Feasting on God’s Gifts; Fasting in Sorrow
A Lenten Devotional by Presbyterians for Earth Care 2012
Matthew 26: 1-13
When Jesus had finished saying all these things, he said to his disciples, “You know that after two days the Passover is coming, and the Son of Man will be handed over to be crucified.” Then the chief priests and the elders of the people gathered in the palace of the high priest, who was called Caiaphas, and they conspired to arrest Jesus by stealth and kill him. But they said, “Not during the festival, or there may be a riot among the people.”
Now while Jesus was at Bethany in the house of Simon the leper, a woman came to him with an alabaster jar of very costly ointment, and she poured it on his head as he sat at the table.
But when the disciples saw it, they were angry and said, “Why this waste? For this ointment could have been sold for a large sum, and the money given to the poor.”
But Jesus, aware of this, said to them, “Why do you trouble the woman? She has performed a good service for me. For you always have the poor with you, but you will not always have me. By pouring this ointment on my body she has prepared me for burial. Truly I tell you, wherever this good news is proclaimed in the whole world, what she has done will be told in remembrance of her.”

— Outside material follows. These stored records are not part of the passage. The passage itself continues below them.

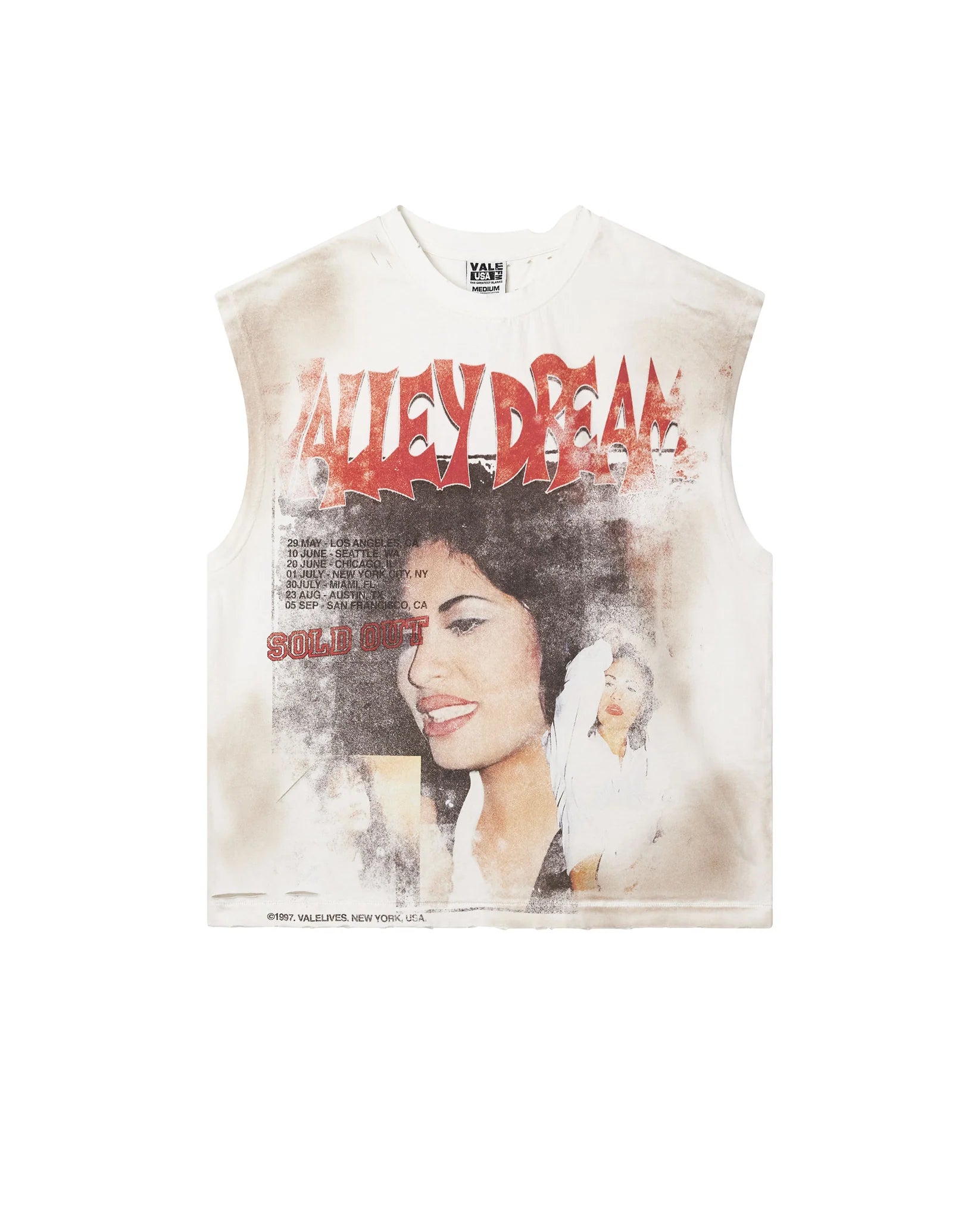 Vale Forever LA FLOR MUSCLE TEE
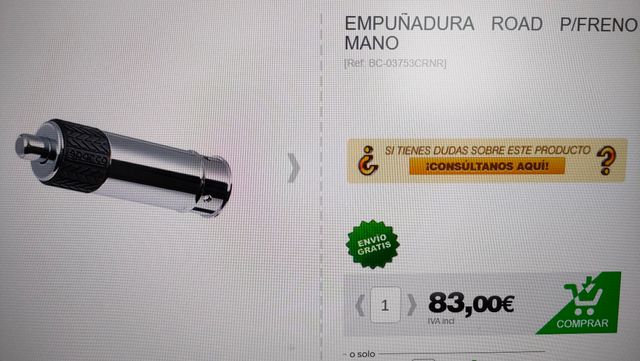 empuñadura freno de mano sparco road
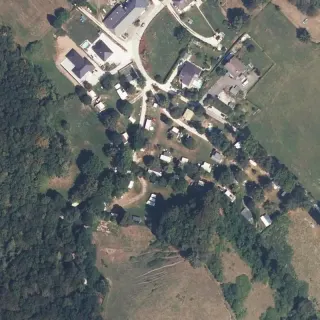 Aerial view of Sous la Colline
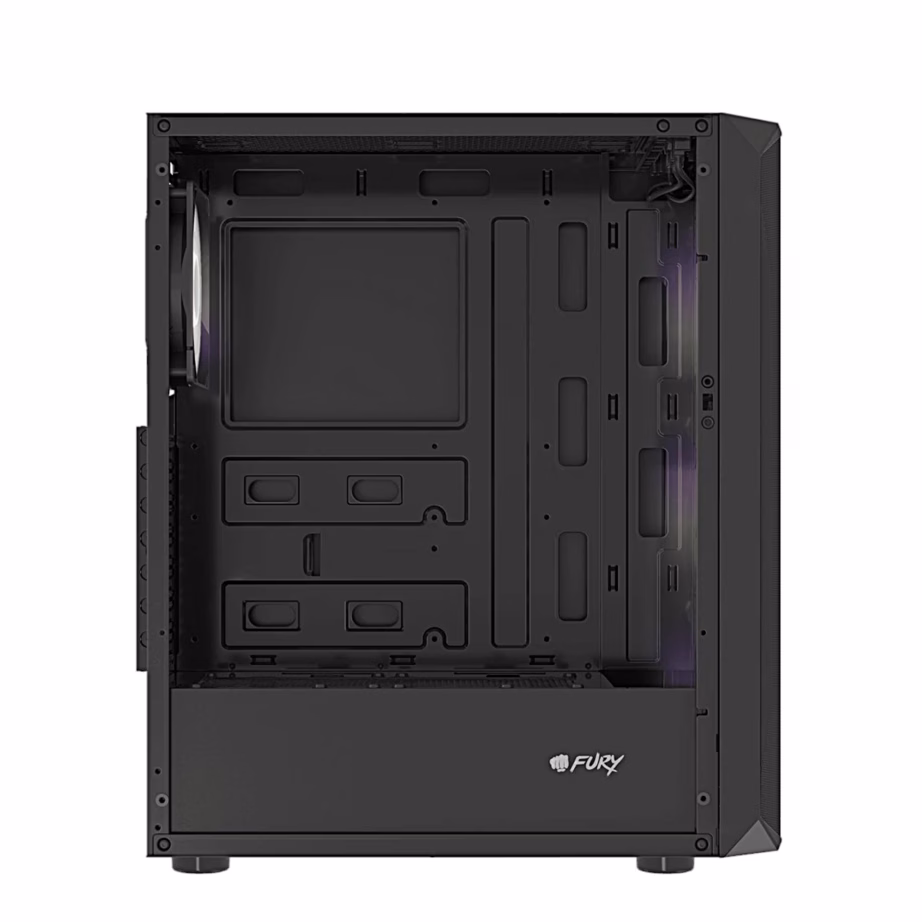 FURY Shobo SH4F RGB mänguri arvutikorpus, nelja ventilaatoriga, must - 10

Glenn Albrecht an Australian environmental philosopher coined the word “solastalgia” to describe the devastating physical, spiritual and psychological distress people experience due to the anticipated loss of a person or place. It is estimated in the next 50 years due to climate change there will be a billion people that will lose their God-loved home place. We are and will be a people in spiritual distress experiencing solastalgia, a longing for God’s wholeness and renewal of creation – for the places we have shared with loved ones and with God. We experience the spirit speaking to us in our placedness, the place of roots and family. For us, and the congregation we serve in Southeast Louisiana we feel the brokenness of an uncertain future. We live in a region of the country experiencing rapid land loss, amounting to a football field of home, of earth disappearing into the Gulf of Mexico every 30 minutes. Yes, we are watching our future disappear and missing a future we will not be able to share with our children.
The Gospel wants us to know that the woman with the expensive ointment was anticipating the events of the coming week, took what she had, and anointed Jesus. He told his disciples that it was in preparation for his death and we are to remember her. In our solastalgia stress, we feel the pain of the disintegration of beloved communities, the disappearance of the places of beauty and the end of historic livelihoods that have been home to Gospel people and places. But it not just our loss and our “solastalgia.” It is a loss that will be felt around the world in that we are the resting spot for tens of thousands of migratory birds of various species and the estuaries of life for the Atlantic Ocean. The region groans.
We as Christians called to be mindful of all God’s creation feel the distress of loss and anticipate even greater loss before us, let us not forget the woman who poured out the nard, nor the man who received it for the final gift of resurrection. We enter this week humanly defeated, not optimistic but knowing, hoping and anticipating God’s ultimate promise of a new heaven and earth.
O God of creation, teach us to listen before we pray and to listen while we pray, to listen to your children, to listen to both the glees and the groans of your creation, and at our core, to listen to your call. Having listened, guide our word-ways and our work-ways, now and always. Amen
Rev. Kristina Peterson is the pastor of Bayou Blue Presbyterian Church and researcher at CHART at the University of New Orleans. In 2010 she received the William Gibson Lifetime Achievement for her advocacy of the Louisiana wetlands.
The Rev. Richard Krajeski has served the Presbyterian church and the environmental community for over 45 years. He is instrumental in developing the Wetlands Theological Education Project in South Louisiana and serves with his wife Kristina at the Bayou Blue Presbyterian Church.